In our daily life, many situations arise where it is important to perceive others’ intentions and feelings. The capability of understanding others’ intentions and feelings is an important aspect of smooth social interaction. In the human nervous system, two main systems have been identified as involved in the above aspects of understanding. These are the mirror neuron system (i.e. action observation network: AON) and the mentalizing system1,2,3,4,5,6. The mirror neuron system/front-parietal AON, including the premotor cortex (PM) and parietal cortices is likely to be a key substrate involved in the automatic understanding of actions performed by others2,7,8,9,10,11. For example, the front-parietal AON is associated with an inference of the “what” of an observed action (e.g. the hand grasp of a cup) as well as the “why” of an action (e.g. using the hand to grasp a cup in order to drink)12. These studies suggest that understanding the intention of others is achieved by simulation of the observed actions by utilizing the observer’s own motor system (simulation theory)2,13. On the other hand, mentalizing refers to inferring others’ mental states such as thoughts, beliefs, moral stances, and feelings.
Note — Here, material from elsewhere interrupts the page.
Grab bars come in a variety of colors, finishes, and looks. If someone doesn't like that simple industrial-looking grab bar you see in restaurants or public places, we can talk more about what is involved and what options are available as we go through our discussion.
The mentalizing system has been studied using the theory of mind (ToM) task with stories and cartoons3,14,15,16. Neuroimaging studies have demonstrated that the temporoparietal junction (TPJ) plays an important role in the understanding of such mental states. During the observation of non-intended or deceptive actions, not only AON but also the TPJ is activated17,18. These findings suggest that mental states behind an other’s action affect activity in the “understanding” systems. However, it remains unclear as to whether the front-parietal AON during action observation is also related to the inference of an other’s feeling (i.e. the “how” of an action). This is due to the fact that investigations involving brain activity in association with mental states including feelings typically used cartoons or face pictures for the ToM task7,19,20.
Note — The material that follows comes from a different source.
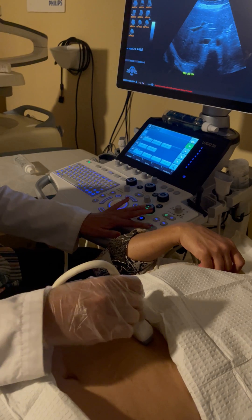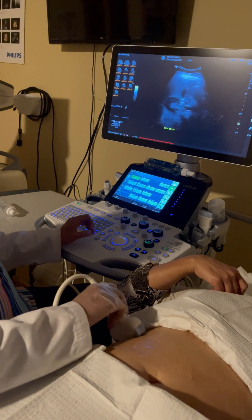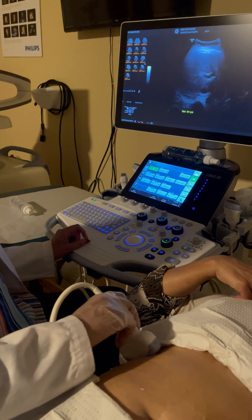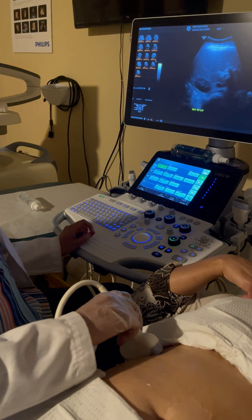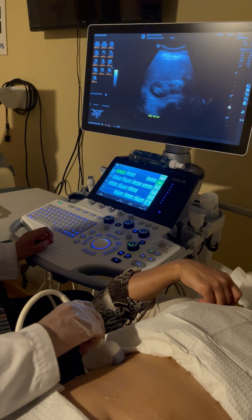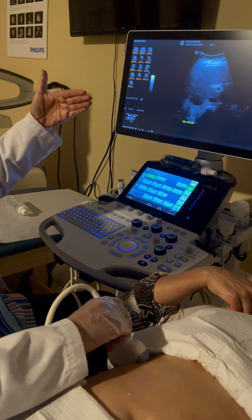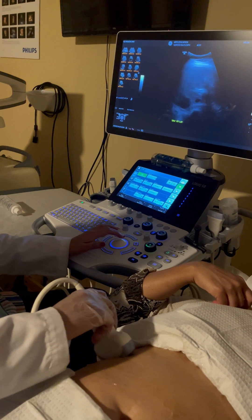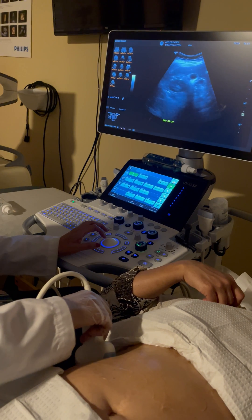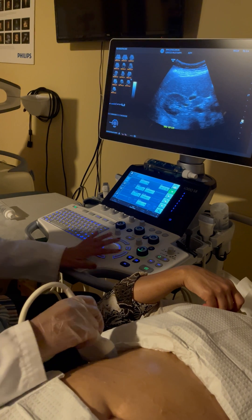I move my transducer more to the right side of the patient — sometimes coronal depending on the patient — to get an image of the right lateral inferior lobe, which borders the right kidney. I get a transverse image with the kidney, scan through the entire kidney to look for any masses, then come back up to capture the right lateral inferior lobe margin of the liver.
An example of when we could infer the feeling of someone else, such as the effort level, would occur if we were to see an elderly adult lifting a heavy object. We would be likely to make an inference of other’s feeling of effort even when viewing their back (without watching their face). Studies utilizing transcranial magnetic stimulation (TMS) have demonstrated that corticospinal excitability during action observation of an effortful movement (lifting a heavy object) is greater than that during action observation of an effortless movement (lifting a very light object)21,22. However, these studies did not clarify whether the enhancement of corticospinal excitability reflected the effort level of the actor or the absolute weight of object. This is because the effort level and the object weight were confounding variables.
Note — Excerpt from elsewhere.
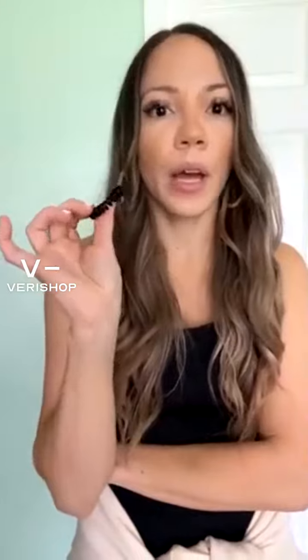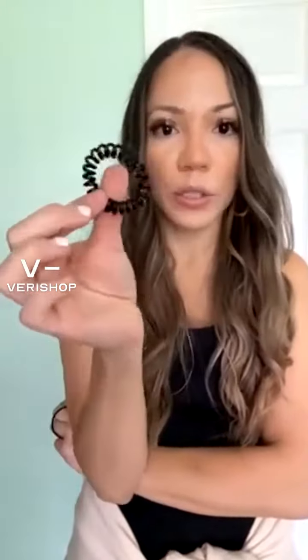I use this even if I'm wearing a hat — I still put my hair up with this one. I use it in a bun, a lower ponytail, everything. Every time I take it off, I don't have any hair coming off, so definitely if you have any hair loss, I would recommend these.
In the present study, we utilized four different movies to dissociate the effort level of the actor and the absolute weight of the object lifted, we used four types of movies: a thin actor or a built (muscular) actor lifting heavy or light weights. To investigate the brain regions that respond to the forming of an inference of other’s feelings (the actor’s effort level) with action observation, we recorded brain activity using functional magnetic resonance imaging (fMRI). We used the dumbbell curl to depict a movement requiring effort. In the case of the thin actor lifting the heavy dumbbell, the actor’s effort would be higher than for the other conditions. We hypothesized that activity in the TPJ would be related to others’ effort levels during action observation because the TPJ is the key structure for inferring other’s feelings.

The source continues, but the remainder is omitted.